Advertisement

Kodak Says Sterling Drug Purchase Won’t Hurt Profits

Share
Associated Press

Eastman Kodak, under fire for purportedly overpaying in its $5.1-billion acquisition of Sterling Drug Inc., said Thursday that it expects to earn profits “well in excess” of the amount predicted by Wall Street analysts.

The effort to whip up enthusiasm fell short. Kodak was the most actively traded issue on the New York Stock Exchange on Thursday but managed to rise only 62.5 cents a share to $42. The stock had traded at $49.125 just before the Sterling deal was announced.

Analysts had lowered their 1988 earnings projections for Kodak by about 35 cents a share since Jan. 1, prompted mainly by Kodak’s announcement last month of the agreement to buy Sterling, the New York-based maker of Bayer aspirin, Lysol cleaner and prescription drugs.

Advertisement

“Based on what we have learned from Sterling and what we know about Kodak, we believe that reduction can be put back into analysts’ estimates,” Kodak President Kay R. Whitmore said in a prepared statement. “We’re very optimistic about the future,” he added in an interview.

Kodak did not speak out on Sterling until this week because its tender offer for Sterling shares was still pending. The offer expired Monday and Kodak is mopping up the final details of the acquisition.

Analysts who follow Rochester, N.Y.-based Kodak had continued to cut their earnings estimates as recently as Wednesday.

On Thursday, analyst Eugene Glazer of Dean Witter Reynolds said Kodak seemed to be trying to convince analysts that the firm would earn $4 a share or more in profit in 1988. He said he was likely to raise his estimate of $3.85 a share.

Last year, operating earnings were about $6.31 a share, although various special charges reduced net earnings to $3.52 a share.

The heavy load of debt Kodak took on to finance the Sterling purchase helped convince Standard & Poor’s and Moody’s Investors Service to lower credit ratings on the company to the lowest levels in its modern history.

Advertisement

Kodak has run into other troubles recently:

- Polaroid Corp. disclosed that it is seeking $5.7 billion in damages for Kodak’s infringement on its instant photography patents.

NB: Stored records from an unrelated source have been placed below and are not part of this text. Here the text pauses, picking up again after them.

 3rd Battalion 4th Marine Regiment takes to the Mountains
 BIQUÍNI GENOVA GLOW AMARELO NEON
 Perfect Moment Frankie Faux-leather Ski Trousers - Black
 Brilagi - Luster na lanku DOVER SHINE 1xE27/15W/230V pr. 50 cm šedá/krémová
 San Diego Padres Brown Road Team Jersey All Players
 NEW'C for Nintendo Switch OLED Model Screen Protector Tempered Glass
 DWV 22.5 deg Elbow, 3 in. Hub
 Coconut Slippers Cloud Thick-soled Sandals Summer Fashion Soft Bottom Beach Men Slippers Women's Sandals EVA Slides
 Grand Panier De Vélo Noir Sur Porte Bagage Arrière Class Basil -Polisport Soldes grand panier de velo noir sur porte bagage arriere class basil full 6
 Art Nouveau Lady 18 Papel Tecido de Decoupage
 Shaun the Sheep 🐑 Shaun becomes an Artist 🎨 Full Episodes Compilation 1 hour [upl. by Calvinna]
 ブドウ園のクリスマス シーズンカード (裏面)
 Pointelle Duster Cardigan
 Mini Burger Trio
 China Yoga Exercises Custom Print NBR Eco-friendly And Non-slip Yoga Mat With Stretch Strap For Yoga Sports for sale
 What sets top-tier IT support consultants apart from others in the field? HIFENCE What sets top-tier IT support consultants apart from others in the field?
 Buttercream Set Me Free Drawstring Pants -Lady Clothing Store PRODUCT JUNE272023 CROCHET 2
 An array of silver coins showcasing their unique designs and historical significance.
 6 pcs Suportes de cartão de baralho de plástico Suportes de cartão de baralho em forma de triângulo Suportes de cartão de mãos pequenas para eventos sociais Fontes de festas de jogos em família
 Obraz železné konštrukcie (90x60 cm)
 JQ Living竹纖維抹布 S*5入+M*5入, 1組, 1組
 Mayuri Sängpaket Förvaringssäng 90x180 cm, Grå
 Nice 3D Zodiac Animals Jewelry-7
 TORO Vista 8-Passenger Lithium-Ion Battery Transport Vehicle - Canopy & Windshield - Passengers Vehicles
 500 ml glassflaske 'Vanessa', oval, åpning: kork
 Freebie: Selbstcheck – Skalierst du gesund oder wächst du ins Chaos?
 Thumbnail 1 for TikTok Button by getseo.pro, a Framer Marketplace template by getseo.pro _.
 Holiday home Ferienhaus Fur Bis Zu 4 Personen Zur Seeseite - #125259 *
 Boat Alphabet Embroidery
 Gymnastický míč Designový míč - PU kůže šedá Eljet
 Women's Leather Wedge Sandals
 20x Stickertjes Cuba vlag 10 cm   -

- A federal judge issued a temporary injunction blocking Kodak’s merger of its photo finishing operations with the Colorcraft Corp. photo finishing operations of Fuqua Industries Inc.

- Kodak admitted that its innovative 9-volt lithium batteries, which were supposed to have a shelf life of 10 years, don’t last that long.

Whitmore said the purchase of Sterling was consistent with Kodak’s strategy for chemical sciences, would give the company a “highly profitable revenue stream” and offers opportunities for cutting costs by eliminating overlaps.

“So--recognizing what we’re receiving--the price we paid is competitive, fair and indicative of Sterling’s inherent value to us,” Whitmore said.